Muss sagen ist eine nette Idee. Den Spagat zwischen verschiedenen [Grafik/Layout/usw.] Programm bezogenen Fragen und Grafik im allgemeinen zu [er-]schaffen. Mal sehen was daraus wird, wünsch tutorials.de damit viel Glück.

P.S.: Vielleicht wird das PS Forum dann endlich mal ein wenig entlastet  [steht leider doch recht oft absolute "Off-Topic" drin]

Wie gesagt, die Idee gefällt


----------



## Consti (21. April 2004)

mmh, ich find sie echt klasse - da hat man alles so in einer Gruppe und bei einigen Fragen grübelt man ja doch schon, wo sie denn nun hingehören - denke, dass da die Designer Lounge genau das richtige ist


----------



## Mark (21. April 2004)

Hi!

Weiß nicht, ob ich's mal "brauchen" werde, aber inhaltlich eine sehr gute Idee!
Das beste aber ist der Name "Creative Lounge"... das geht runter wie Öl (bzw. bei dem schönen Wetter: wie ein herrlich kaltes Bier  ).
Das könnte man doch auch für die anderen Foren machen!
Photoshop (C)Studio
Typografie Office
Hardware Garage
Videoroom & Soundhall
Cinema4D Chill Out
Windows courthouse
und viele viel schönere Namen


----------



## Fabian (22. April 2004)

Mir gefaellt diese Art von Forum auch recht gut. Und wie mein Vorgaenger schon sagte: "Creativ Lounge" hoert sich echt dufte an


----------



## newimer (22. April 2004)

Echt coole Idee das Forum. Freu ich schon auf die Verbitterten Diskussionen


----------



## chrisbergr (22. April 2004)

Verspricht spannend zu werden.
Und auch ich bin ebenfalls begeistert von dem Namen, sowie der Idee im allgemeinen.

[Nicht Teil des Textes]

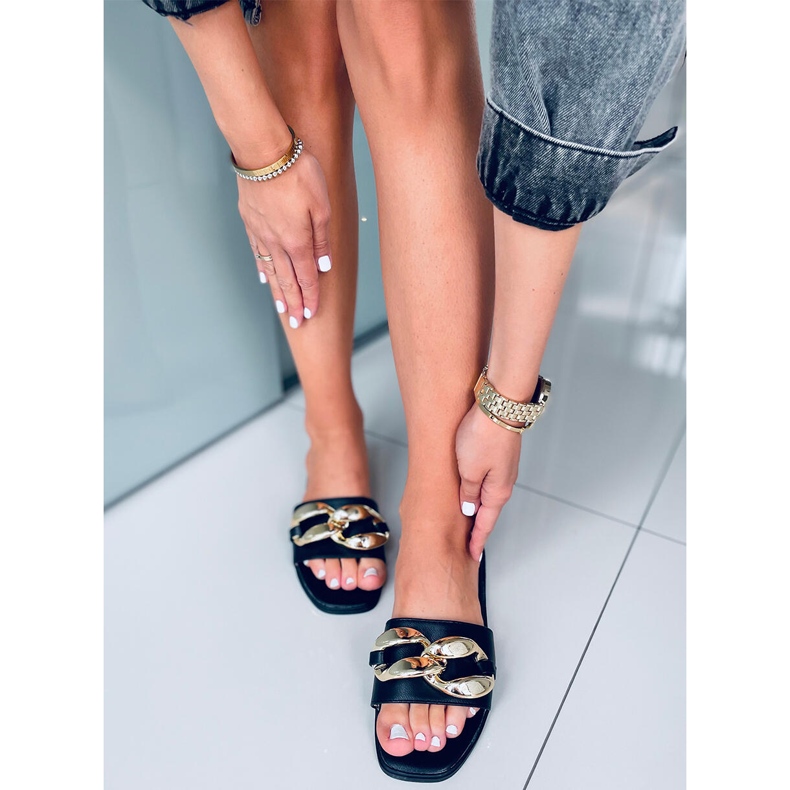 Klapki z łańcuchem Dalia Black czarne 1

Auf gutes Gelingen und viel Spaß uns allen.

ACID

BTW: Eine Frage hätte ich aber noch. Und zwar hab ich ja gelesen, dass das Forum kein Showroom ist und Previews nicht erwünscht sind.
Wie schaut´s denn aus, wenn ich gerade an einem neuen Design für HP bastle, sogut wie fertig bin aber selbst merke, dass es nicht perfekt ist, sondern noch irgendetwas, der Feinschliff, fehlt. Kann ich in diesem Forum dafür einen Thread aufmachen, das Design als Bild anhängen und die Kreativen an Board fragen, was sie denn tun würden?


----------



## Martin Schaefer (22. April 2004)

Bitte bitte tu das nicht. 
Nicht weil wir dein Interesse an einer Hilfe nicht nachvollziehen könnten.
Aber wenn das losgeht, dann wird zwangsläufig das aus diesem Forum,
was wir keinesfalls wollen. Auch wenn du das mit "guter Absicht" machen
würdest.

Bitte respektiert das so. Tut euch selbst den Gefallen und glaubt uns,
dass es so besser ist.

Es spricht aber absolut nichts dagegen, den Link z.B. zu einer bekannten
Website zu posten und den Stil hier zu diskutieren. Ich hoffe, der kleine aber
feine Unterschied ist irgendwie erkennbar.

Gruß
Martin


----------



## chrisbergr (22. April 2004)

Alles klar, wollts nur wissen, damit ich´s nicht mache und dann einen auf den Deckel bekomm


----------